Prepare the sauce. Tuna Tartare is served with a sauce made from fresh citrus fruit flavors and the pungency of mustard. To create a flavorful Tuna Tartare, mix the following ingredients in a bowl:
- 1/4 cup olive oil
- 1/4 cup chopped fresh cilantro
- 1 teaspoon finely chopped Jalapeno pepper
- 2 teaspoons finely chopped ginger
- 1 1/2 teaspoons mustard powder
- 2 teaspoons lemon juice
- Salt and pepper to taste

Cut the tuna into small square cubes. Use a sharp knife to cut the tuna into 0.3-0.6 cm cubes. A knife works best, but you can also use a food slicer to save time.

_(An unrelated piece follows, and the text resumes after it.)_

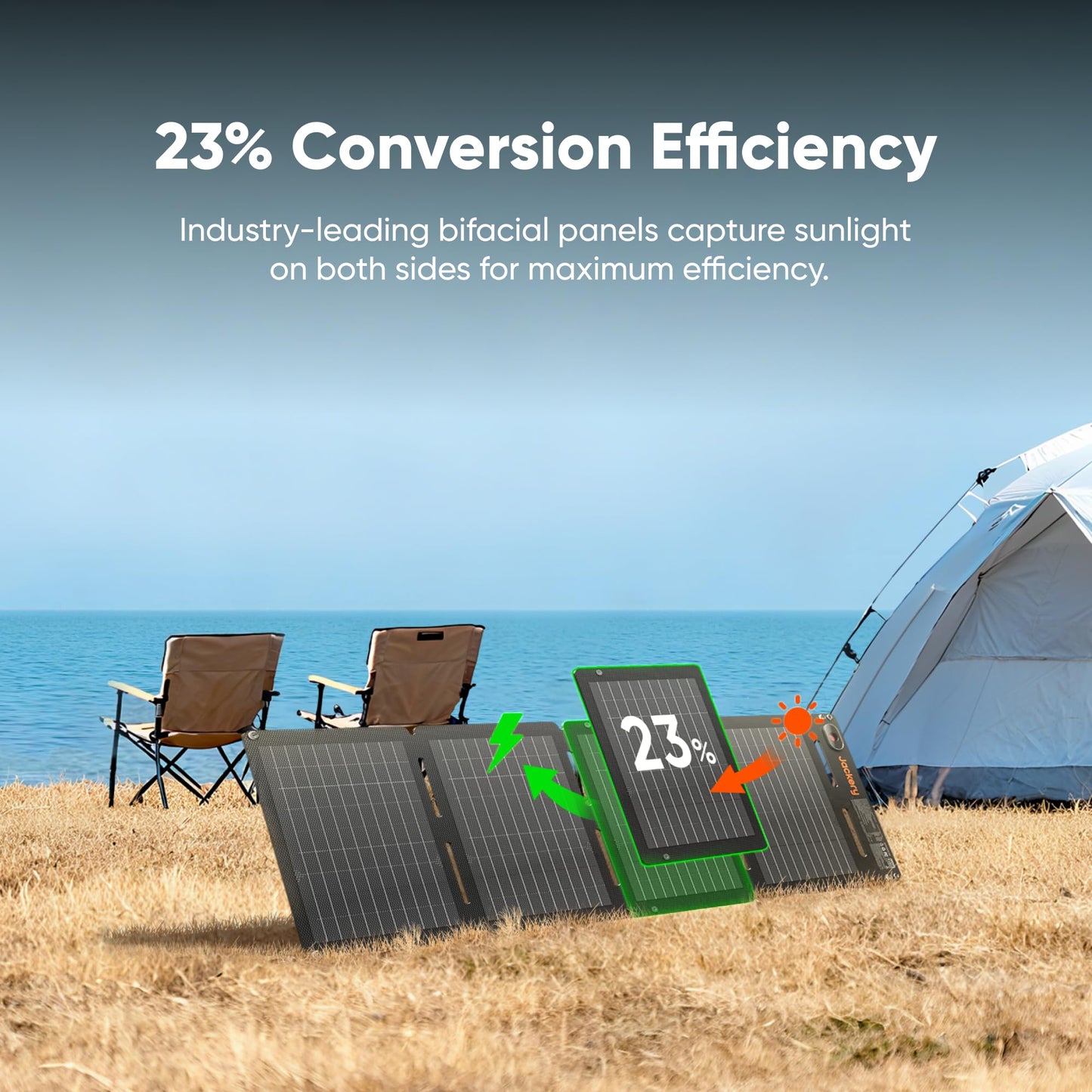 Jackery Solar Generator 300, 293Wh Power Station with 40W Solar Panel, 300W Pure Sine Wave AC Outlet for RV Outdoors Camping Travel Blackout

Add the tuna to the sauce. Mix thoroughly to ensure the tuna is fully coated in the sauce. Serve the Tuna Tartare immediately with crackers or crispy thin-sliced potatoes.
- If not eaten right away, the lemon juice in the sauce will begin to react and alter the texture of the tuna.
- If you're not ready to eat, keep the sauce and tuna separate and combine them when you're ready to serve.
Tips
- When searing, use vegetable oil or peanut oil as they have a higher smoke point. Butter and olive oil will burn out quickly and won't reach the proper temperature for searing the tuna.
Warnings
- Avoid overcooking the tuna as it will become dry.